Mac-and-Cheese Soup

A favorite dinner in a soup! We added a few vegetables as well but the kids will still love this one dish meal.

Mac-and-Cheese Soup
Servings: 6


  • 1 32 ounce package reduced-sodium chicken broth
  • 6 ounces small pasta shells
  • 1 16 ounce bag frozen broccoli, cauliflower, and carrot blend
  • 1 1/2 cups low-fat milk
  • 2 tablespoons all-purpose flour
  • 1 1/2 cups shredded cheddar cheese

Make It

1. In a large saucepan, bring broth to a boil over high heat. Add pasta. Return to a boil. Reduce heat and let simmer, uncovered, for 5 minutes. Add vegetables. Cook until pasta and vegetables are tender, about 5 minutes more.
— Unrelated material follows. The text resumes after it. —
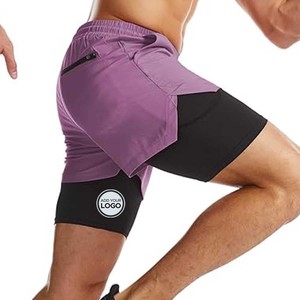 Pantalones cortos de gimnasio para hombre Linerless & Liner-Pantalones cortos de entrenamiento de secado rápido de 5 "con bolsillos con cremallera Pantalones cortos deportivos atléticos - Product Image 3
2. Combine milk and flour in a resealable container; shake well to combine. Stir in to pasta mixture. Cook and stir until thickened and bubbly. Gradually add the cheese, stirring until cheese melts.

Nutrition Facts

Servings Per Recipe: 6; Amount Per Serving: cal. (kcal): 292, Fat, total (g): 11, carb. (g): 31, fiber (g): 3, pro. (g): 17, calcium (mg): 303, Percent Daily Values are based on a 2,000 calorie diet.